SenatorHENDRICKSON (Victoria) [4.31]. - Since His Excellency delivered his Speech, honorable senators have had an opportunity to study its contents carefully. In my opinion, the Speech contains no more or less than did the policy speech which was delivered by the Prime Minister (Mr. Menzies) during the last general election campaign. Despite the fact that import restrictions have been imposed, the economic situation is deteriorating almost hourly. Yet the Government has made no announcement of what it proposes to do to remedy the position. Although many supporters of the Government have addressed the chamber during this debate, very few of them have even referred to the state of the economy.
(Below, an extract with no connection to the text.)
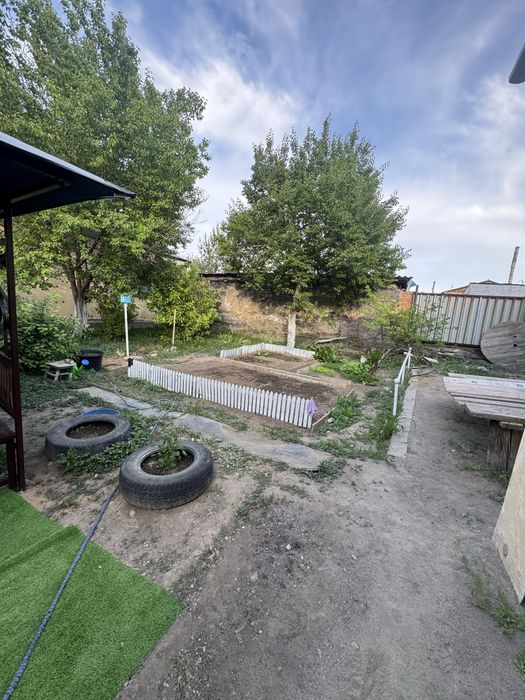 Продается 4 ех комнатная дом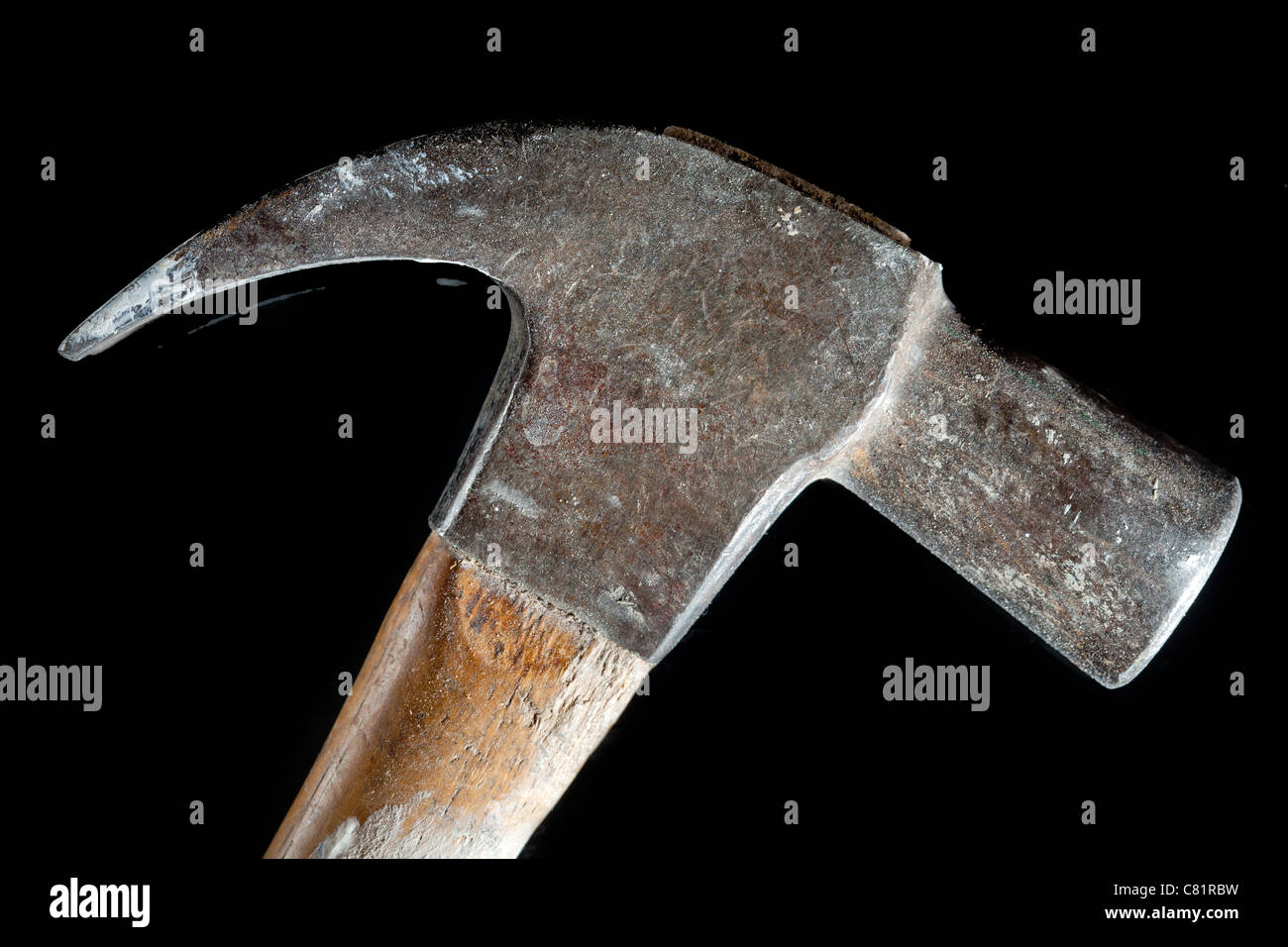 Chiusura del martello da carpentiere su sfondo nero Foto Stock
I should like to comment on certain statements that were made by Senator Maher, who is a real old-type tory. He reiterated statements that have been made time and time again in this chamber. He stated that he was surprised to think that the leader of the great Australian Workers Union, Mr. Davis, who is the Victorian secretary as well as the general president of the union, had begun to couple that great union with the Communist party. The honorable senator referred to a pamphlet which had apparently been handed to him somewhere in Queensland, in which there was mentioned the fact that certain Communist preferences had gone to Labour candidates, and vice versa, during the recent general election. Senator Maher, after referring to the great job of work that had been done by the Australian Workers Union in the past, said that he was surprised that that union was now turning to the Communist method of control. I should like to make it clear both to the Senate and to the people of Australia that there are no greater fighters against communism than the members of that union, and that Mr. Davis is prepared at any time to reaffirm his attitude against communism. Senator Maher said that he agreed with the policy that was adopted by the Australian Workers Union years ago in order to obtain certain amenities for its members, but that the time had come when a halt should be called. That great union, as well as other trade unions in Australia, will never cease trying to get improved amenities for its members. I emphasize that the Australian Workers Union, as well as other unions, is anti-Communist in its industrial outlook.

Senator Wright recently asked the Minister for Shipping and Transport (Senator Paltridge) a quite legitimate question about the cost to the country of the waterfront strike earlier this month. But the honorable senator did not ask what was the loss to the members of the great waterside workers’ union to fight for this principle. Honorable senators on this side of the House are always loath for the workers to go on strike because they realize that everything lost during a strike is difficult to recover in the future, irrespective of the gains that may be made through direct action.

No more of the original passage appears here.